Students enrolled in two courses throughout the summer, “EN290: Introduction to College Reading and Writing” taught by English Prof. Patrick Meighan and “HU203: The History, Landscape, Diversity, and Culture of the Granite State,” taught by Horton.
After morning classes, they spent afternoons on all sorts of interesting adventures around the state. Highlights include hiking in the White Mountains and a trolley tour of Manchester that was guided by Millyard Museum Executive Director John Clayton. They also visited the Black History Trail of NH in Portsmouth and toured the State House in Concord, among many other excursions.
Noah Gutierrez ’25, who is from Manhattan, N.Y., said becoming immersed in a different landscape than what he’s used to was eye-opening and rewarding.

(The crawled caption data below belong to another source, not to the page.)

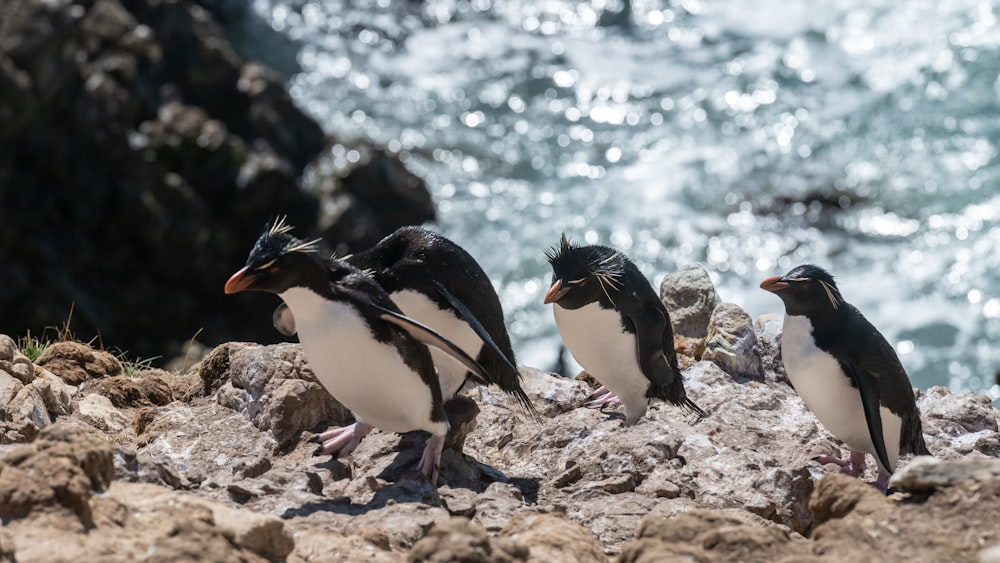a group of penguins standing on top of a rocky beach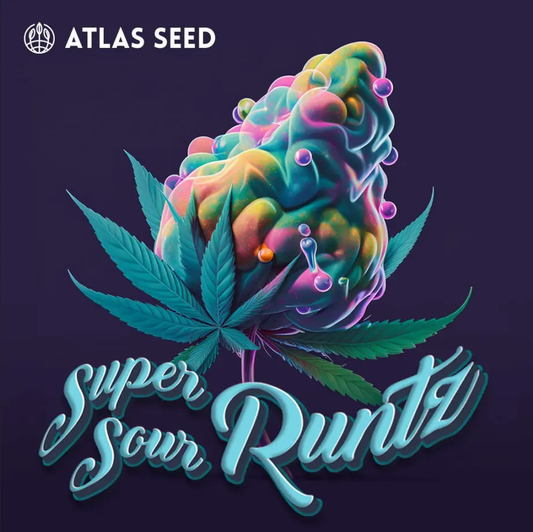 Super Sour Runtz feminisierte Cannabissamen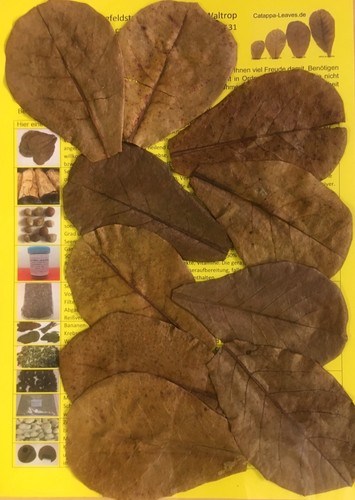 Nano tropical almond tree - nano,
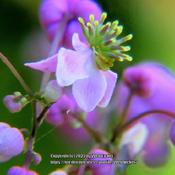 Lavender Mist Meadow Rue #73 nn; LHB page 391, 70-3-?, "Old Greek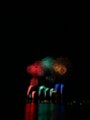 DSCN3280.jpg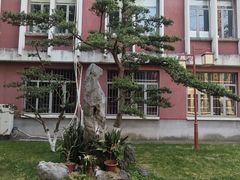 -浙江省杭州高级中学(贡院校区)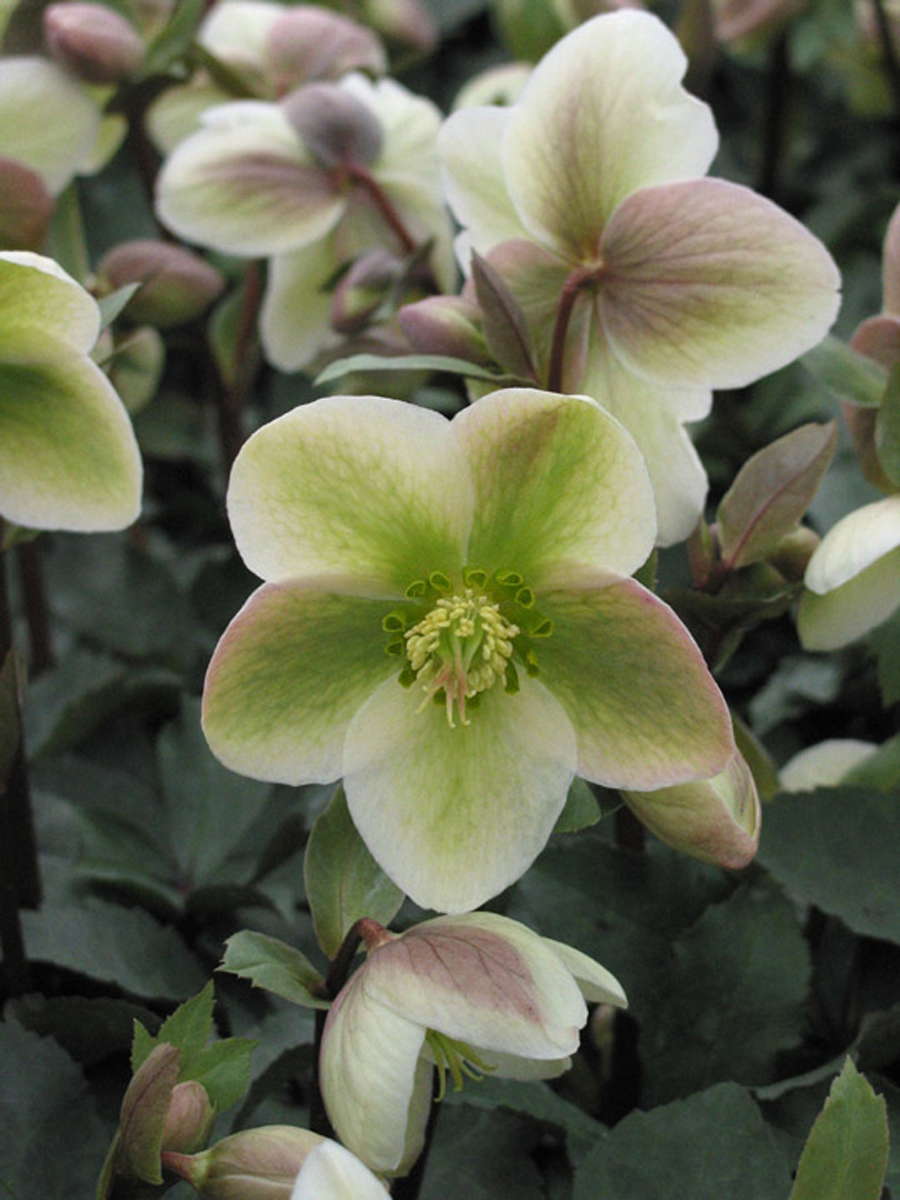 Helleborus ‘Ivory Prince’ From Plant Haven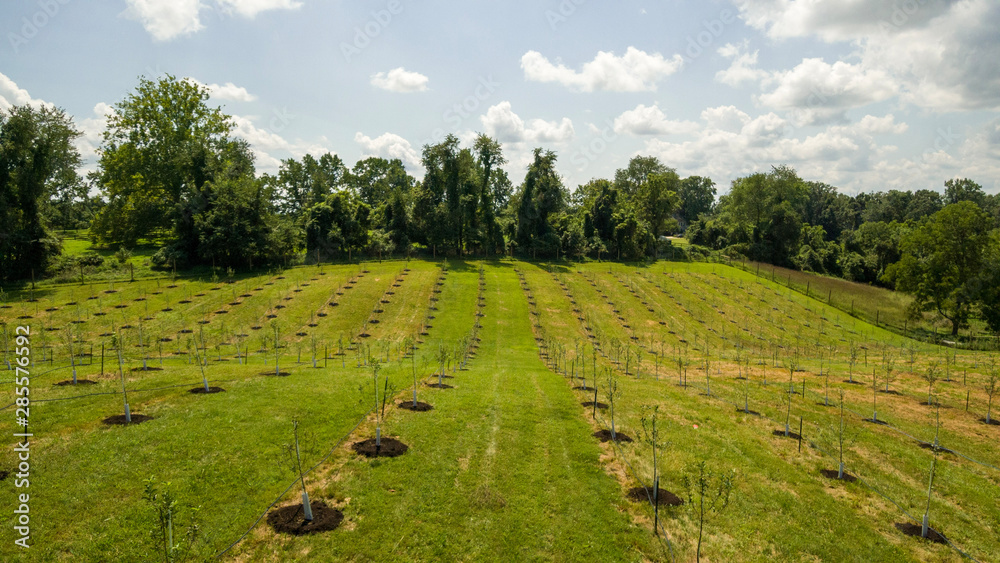 Tree Orchard in Potomac, Montgomery County, Maryland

“New Hampshire is very different from the inner city of New York, so it gave me a chance to really get accustomed to what I’m going to be getting myself into over the next four years. I actually ended up meeting some of my teammates, some really close friends here, and it was a great opportunity all around,” said Gutierrez, who plays for the college’s football team.
Several upperclassmen were also involved with Hilltop Academy to share their experiences and answer any questions.
“This was important for me because, as a person of color and a student from a low-income background, I wanted to help the first-year students and guide them through their struggles and the things that I went through,” said Valeria Mendoza ’22, a senior student leader.
Marilu McCambly, a senior assistant director of admission and coordinator of multicultural recruitment, who co-manages the program with Horton, said the ultimate goal of Hilltop Academy is to provide students with the skills necessary to navigate college life, as well as advocate for themselves should they need to during their time on campus.
“One of the best responses I received from a student was that they didn’t see the value in the program at the beginning but by the end it all started to fall into place and they felt more prepared to start in the fall,” McCambly said.
Several students said they appreciated getting to know Saint Anselm faculty and staff, some of whom joined the students on their travels.
Allyson McMahon ‘25 enjoyed getting out into the community and experiencing some of the natural areas like hiking Artist’s Bluff in Franconia Notch, which features an overlook with lovely mountain views.
McMahon said Hilltop Academy allowed her to “really make some connections that will last a long time.”